TASK STATEMENT
Once the line with "Load image into" is found, write it out along with every line after it, exactly, up to the last line of the entries below. Exclude pictures.
╭─ SUPPLIED MATERIAL
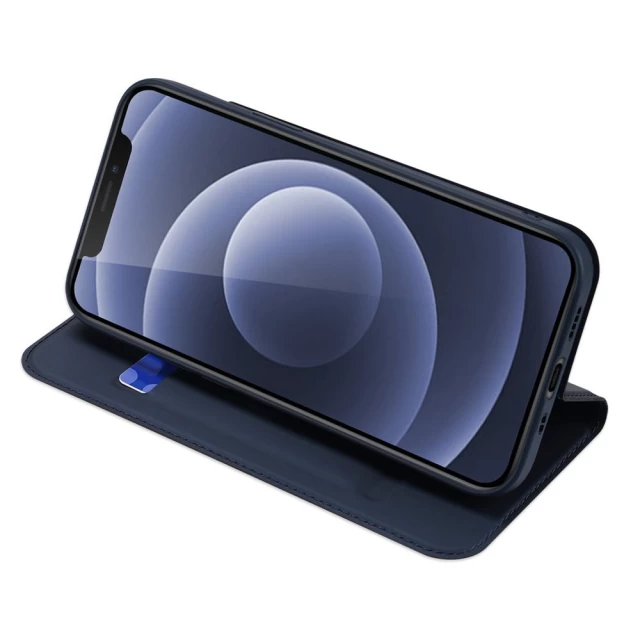 Чохол Dux Ducis Skin Pro для iPhone 13 mini Blue (6934913048900)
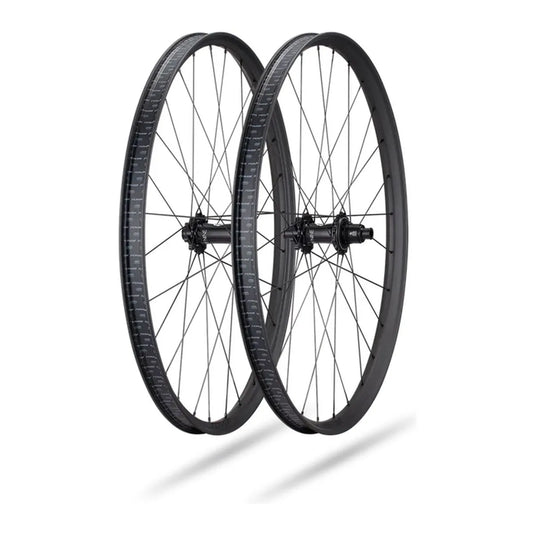 ROVAL Traverse SL II Hydra Wheelset - Satin Carbon/Satin Black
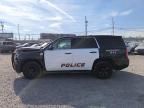 2020 Chevrolet Tahoe Police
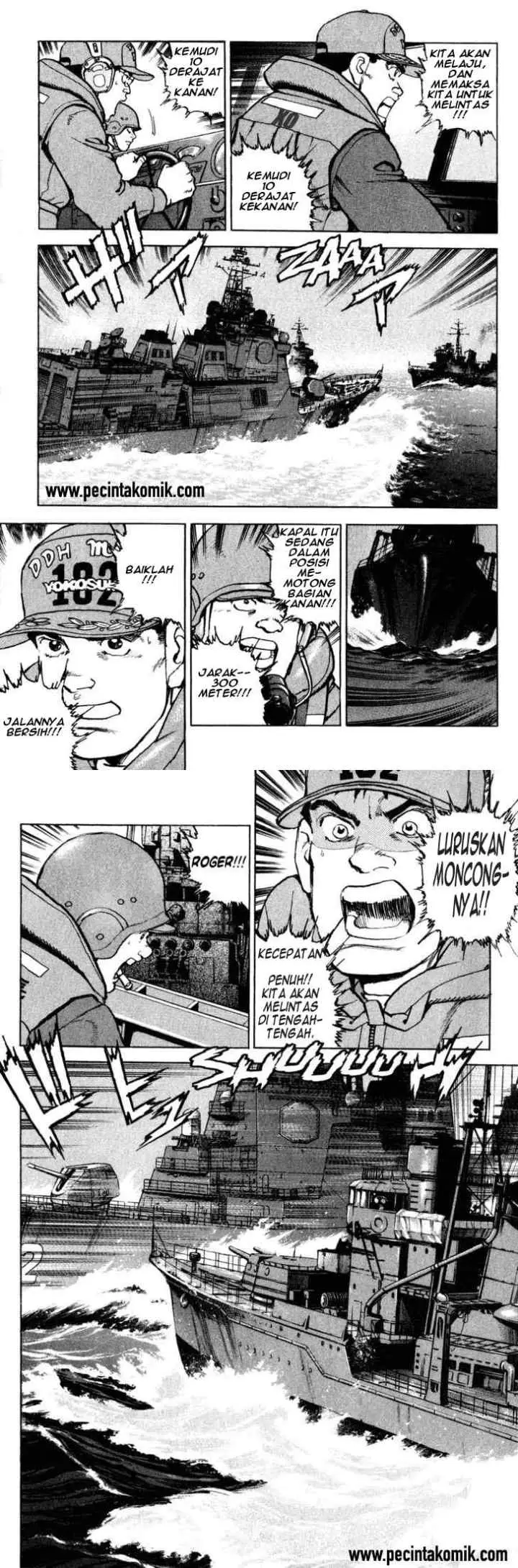Zipang chapter 2 halaman 5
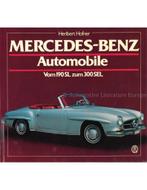 MERCEDES-BENZ AUTOMOBILE, VOM 190 SL ZUM 300 SEL(SCHRADER .., Ophalen of Verzenden, Nieuw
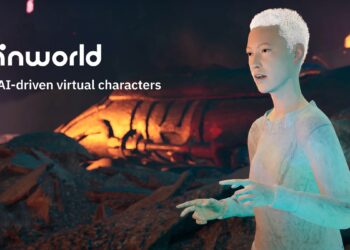 Inworld AI raises $50M to populate games and the metaverse with smart characters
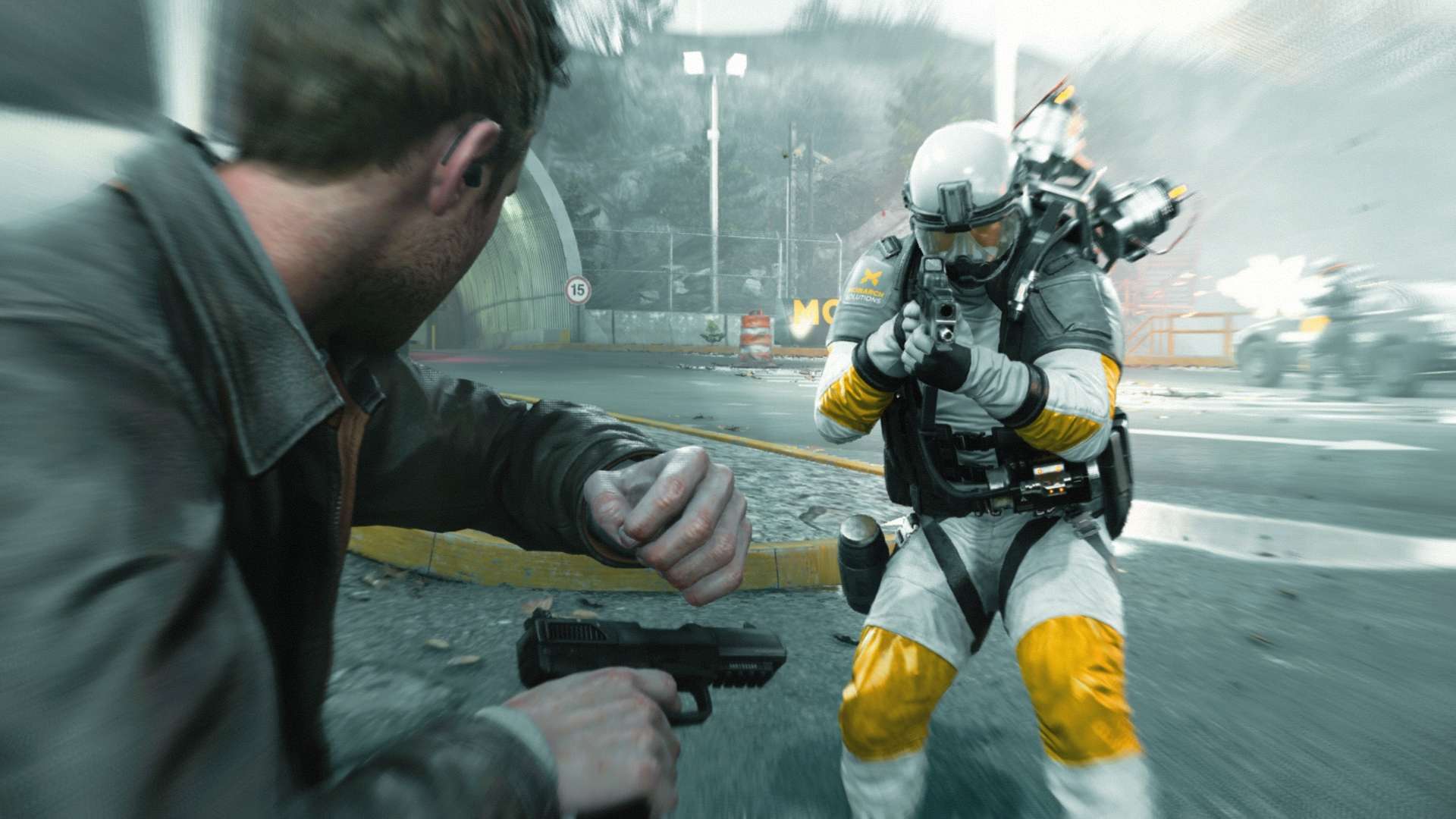 Трейнеры для Quantum Break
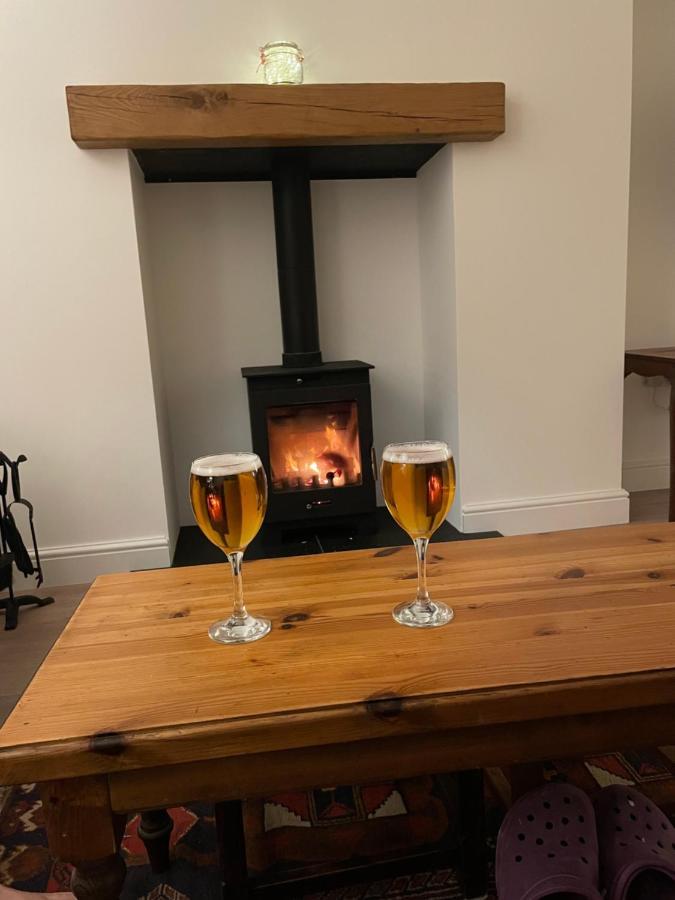 Port Mulgrave Cosy Cottage Hinderwell Eksteriør billede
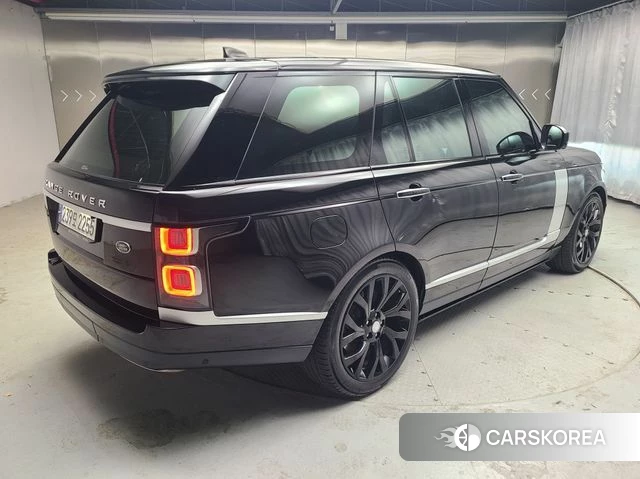 Land Rover Range Rover 4th Generation id 4396595 из Кореи 10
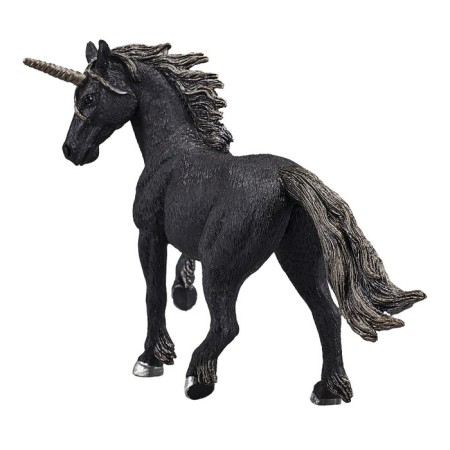 Figure Konik "Black Unicorn"-3
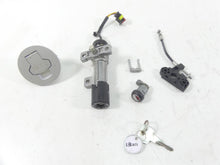 Load image into Gallery viewer, 2015 Eric Buell Racing 1190SX Ignition Switch Key Lock Gas Cap Set C0290.1B9 | Mototech271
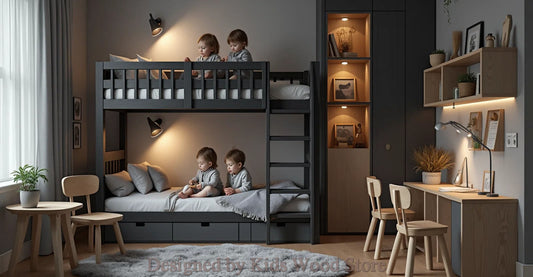 Customizable Modern-Style Children’s Rooms | Kids Wood Store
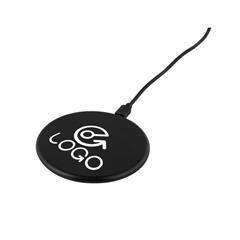 OBG PUB - Chargeur sans fil en ABS recyclé Rounda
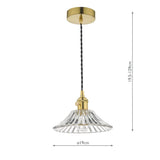 Lustra HADANO HAD0140-04 Lucente - Home & Lighting
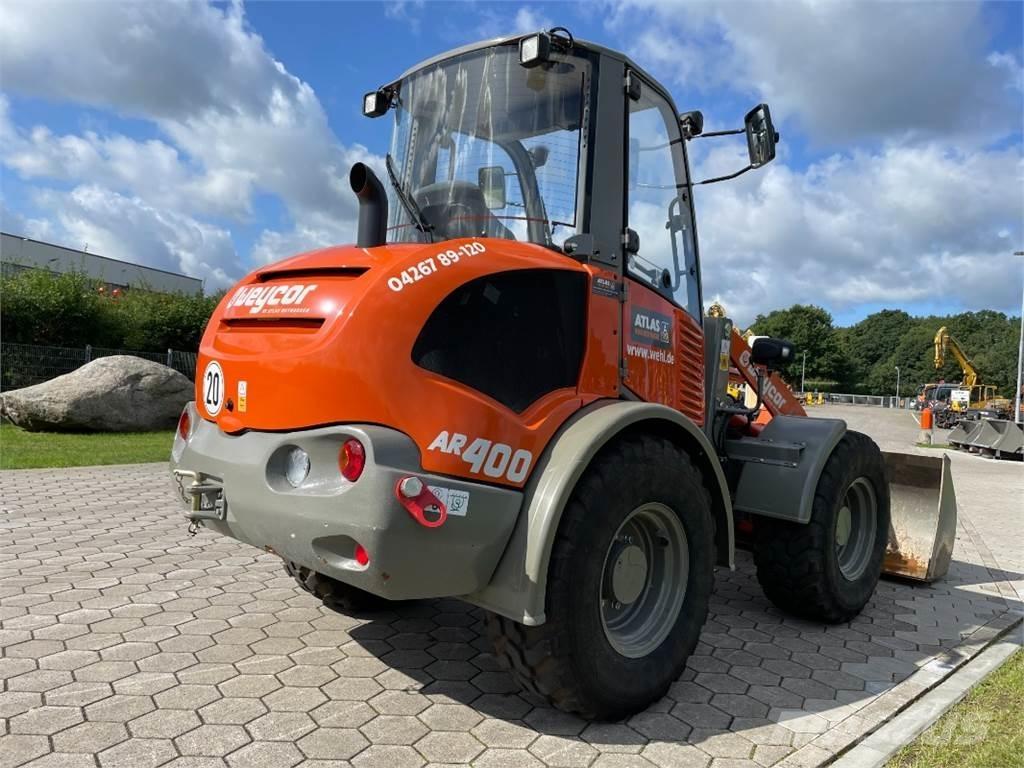 Atlas AR400 Kmetijstvo - drugo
╰─
RESULT OF THE EXERCISE
 Load image into Gallery viewer, 2015 Eric Buell Racing 1190SX Ignition Switch Key Lock Gas Cap Set C0290.1B9 | Mototech271
 Customizable Modern-Style Children’s Rooms | Kids Wood Store
 OBG PUB - Chargeur sans fil en ABS recyclé Rounda
 Lustra HADANO HAD0140-04 Lucente - Home & Lighting
 Atlas AR400 Kmetijstvo - drugo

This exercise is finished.